1. License Grant: EWA grants you a non-exclusive, non-transferable, limited license to use the copy of the Software, and 
accompanying materials enclosed in this package (collectively the "Product") on the Designated Computer (as defined 
below) subject to the terms and conditions set forth in this Agreement. You may transfer the Software to the Designated 
Computer provided you keep the original Software solely for backup or archival purposes.  "Designated Computer" for any 
Software means the single computer processor that is owned or controlled and operated by User and designated as the 
computer processor on which the Software will be used.  All rights not expressly granted to User herein are retained by 
EWA.

2. Ownership: All rights, title and interest to the Software, and accompanying materials related to the Software, and any 
proprietary information contained on the media, are owned by EWA and are protected by copyright, trademark and trade 
secret law and international treaties. You acquire only the right to use the Software and accompanying materials related to the 
Software during the term of, and subject to, this Agreement.

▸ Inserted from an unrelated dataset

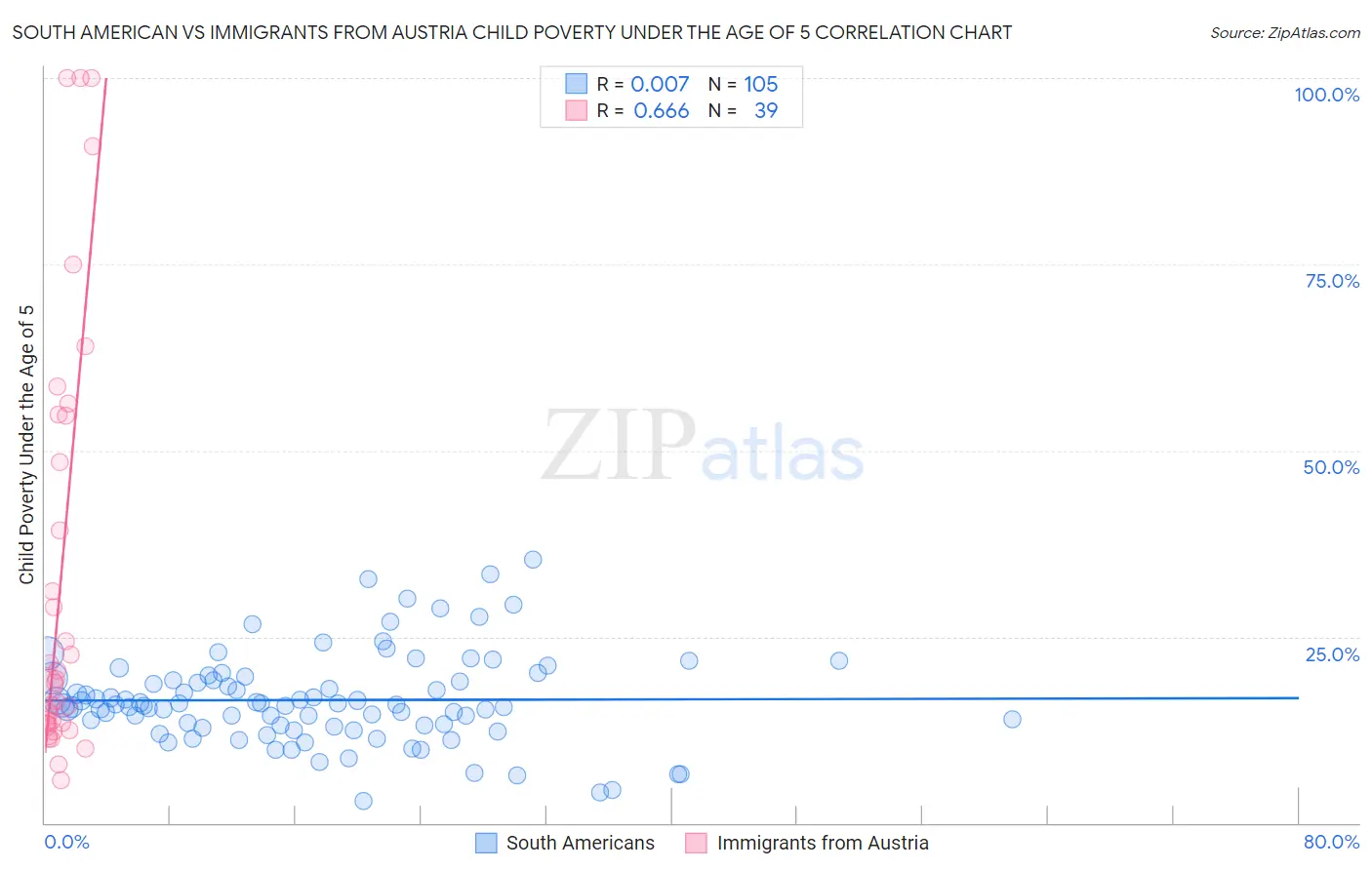 South American vs Immigrants from Austria Child Poverty Under the Age of 5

You agree not to develop separate software applications of any 
kind derived from the Software, the User's documentation, or any other proprietary information of EWA. Any rights, express 
or implied, in the Software and accompanying materials, and any proprietary information contained in the media are reserved 
by EWA, except as expressly specified in this Agreement. You must treat the Software like any other copyrighted material 
except as otherwise provided under this Agreement. You agree not to remove, deface or obscure EWA's copyright or 
trademark notices and/or legends or proprietary notices on the Software and/or accompanying materials, and/or contained in 
or on the media.

3. Copies and Modifications: You may make one copy of the Software solely for back-up purposes, provided that you 
reproduce and include all copyright/proprietary rights notice(s) on the copy. You may make copies of any of the 
documentation included in the Product for your internal use only. You may not nor may you assist another to, modify, 
translate, convert to another programming language, decompile, reverse engineer or disassemble any portions of the Product. 
Except as otherwise provided by this agreement, you may not copy the Software. You agree to notify your employees 
and/agents who may have access to the Software of the restrictions contained in this Agreement and to ensure their 
compliance with such restrictions.

4. Taxes: User shall be liable for and shall pay all charges and taxes (local, state and federal), including all sales and use 
taxes, which may now or hereafter be imposed or levied upon the license or possession or use of the Software, excluding, 
however, taxes based on EWA's income.

5. Confidentiality: By accepting this license, you acknowledge that the Software and accompanying materials, and any 
proprietary information contained in the media are proprietary in nature and contain valuable confidential information 
developed or acquired at great expense. You agree not to disclose to others or utilize such trade secrets or proprietary 
information except as provided herein.

6. Term: This Agreement is effective from the date you open the sealed package and/or use the Software until terminated. 
EWA and/or you may terminate this Agreement at any time by giving 30 days written notice of termination to the other party. 
Notwithstanding the above, if you fail to comply with any term of this Agreement, or if you become the subject of a 
voluntary or involuntary petition in bankruptcy or any proceeding relating to insolvency, receivership, liquidation, or 
composition for the benefit of creditors, if that petition or proceeding is not dismissed with prejudice within 30 days after 
filing, EWA may terminate this Agreement immediately upon notice to you. Upon termination of this Agreement, you agree 
to then cease all use of the Software, and to either destroy or promptly return to EWA the Product together with any copies 
you have made thereof. Notwithstanding the remedies provided above, EWA may enforce its other legal rights. Sections 2, 4, 
5, 9, 10 and 12-16 will survive termination of this Agreement.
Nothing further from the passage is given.